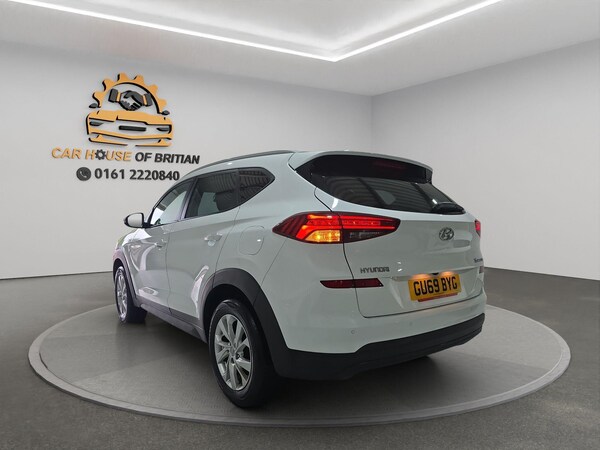 Used Hyundai TUCSON 2019 for sale - 76151798: Photo 8
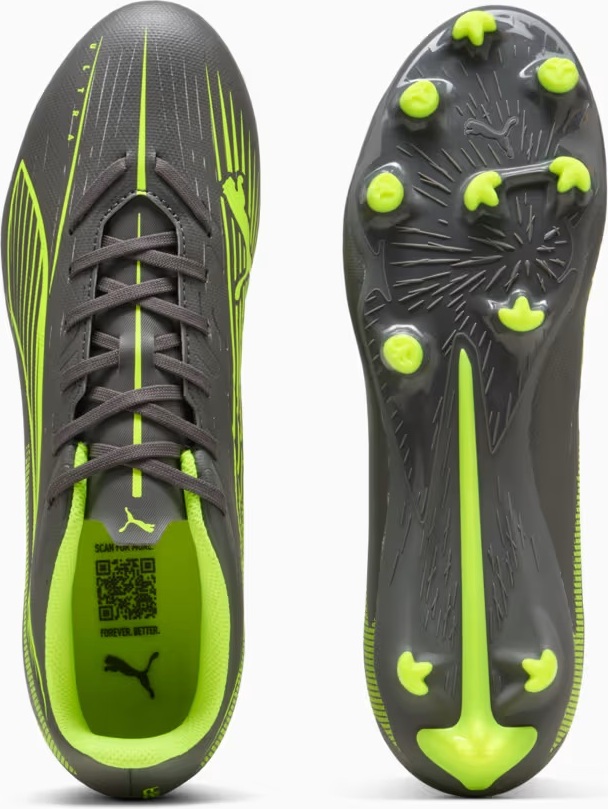 Футбольні бутси PUMA Ultra Play 5 FG/AG 108169_03, розмір 41 — фото 3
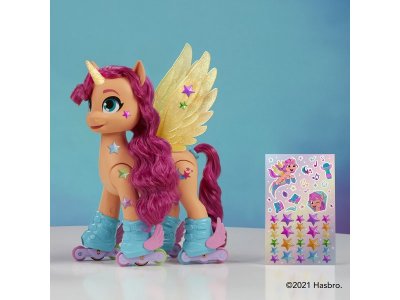 Игрушка интерактивная Hasbro Пони Фильм Поющая Санни 1-00357327_14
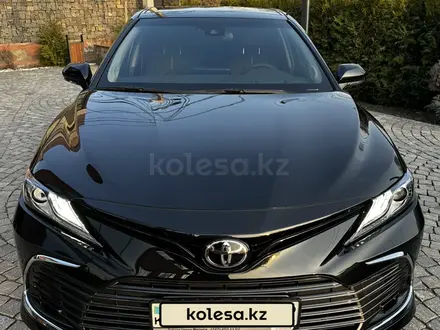 Toyota Camry 2023 года за 17 000 000 тг. в Алматы – фото 10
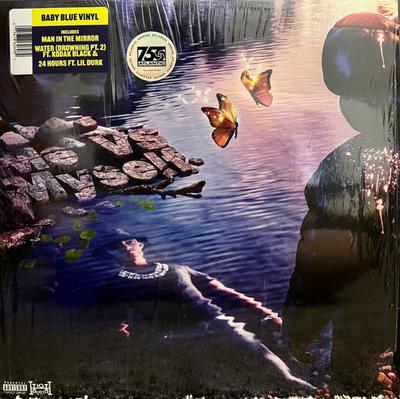 LP deska A BOOGIE WIT DA HOODIE - Me vs. Já 075678625374 HighBridge 2023 US Rap & Hip-Hop/R&B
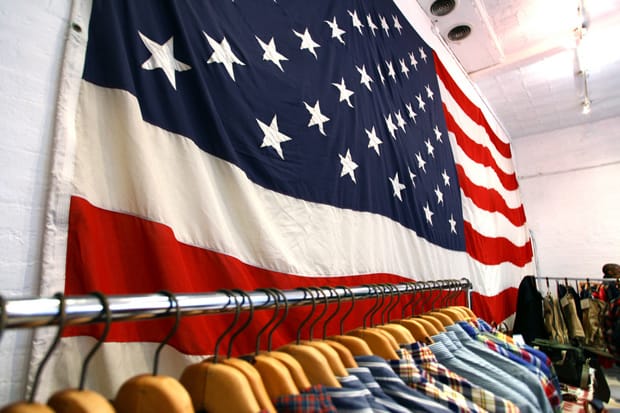 The Pop Up Flea 2010 Recap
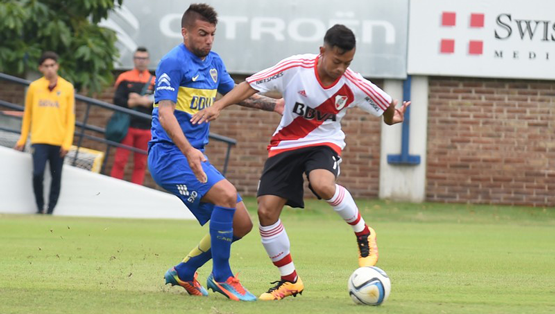 La Reserva de River igual en el Superclsico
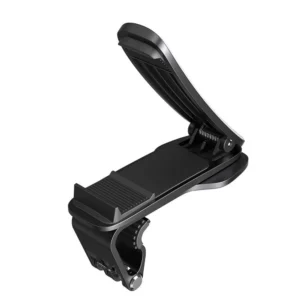 Baseus Big Mouth Pro car holder dashboard clip black (SUDZ-A01) - Image 3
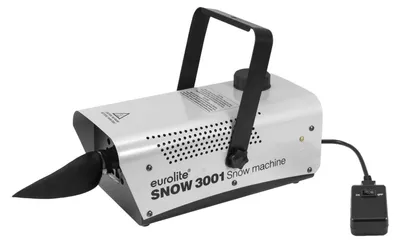 Produktbild von EUROLITE Snow 3001 Schneemaschine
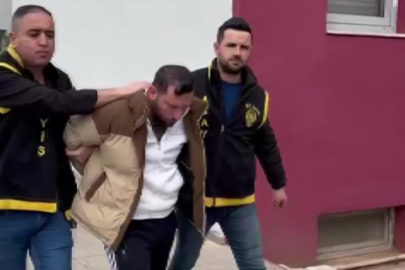 Adana’da kuyumcudan 3 kilo altın çalan hırsız yakalandı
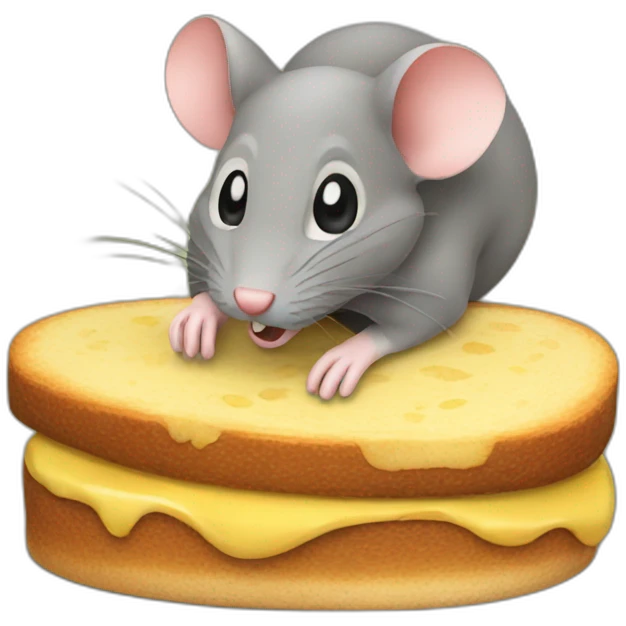 mousevery-hungry emoji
··········
*Problem requirements*. Extract all the entries word for word; omit any pictures.

*Exercise result*.
 Used Hyundai TUCSON 2019 for sale - 76151798: Photo 8
 Футбольні бутси PUMA Ultra Play 5 FG/AG 108169_03, розмір 41 — фото 3
 Игрушка интерактивная Hasbro Пони Фильм Поющая Санни 1-00357327_14
 Toyota Camry 2023 года за 17 000 000 тг. в Алматы – фото 10
 LP deska A BOOGIE WIT DA HOODIE - Me vs. Já 075678625374 HighBridge 2023 US Rap & Hip-Hop/R&B
 The Pop Up Flea 2010 Recap
 La Reserva de River igual en el Superclsico
 Baseus Big Mouth Pro car holder dashboard clip black (SUDZ-A01) - Image 3
 Produktbild von EUROLITE Snow 3001 Schneemaschine
 Adana’da kuyumcudan 3 kilo altın çalan hırsız yakalandı
 mousevery-hungry emoji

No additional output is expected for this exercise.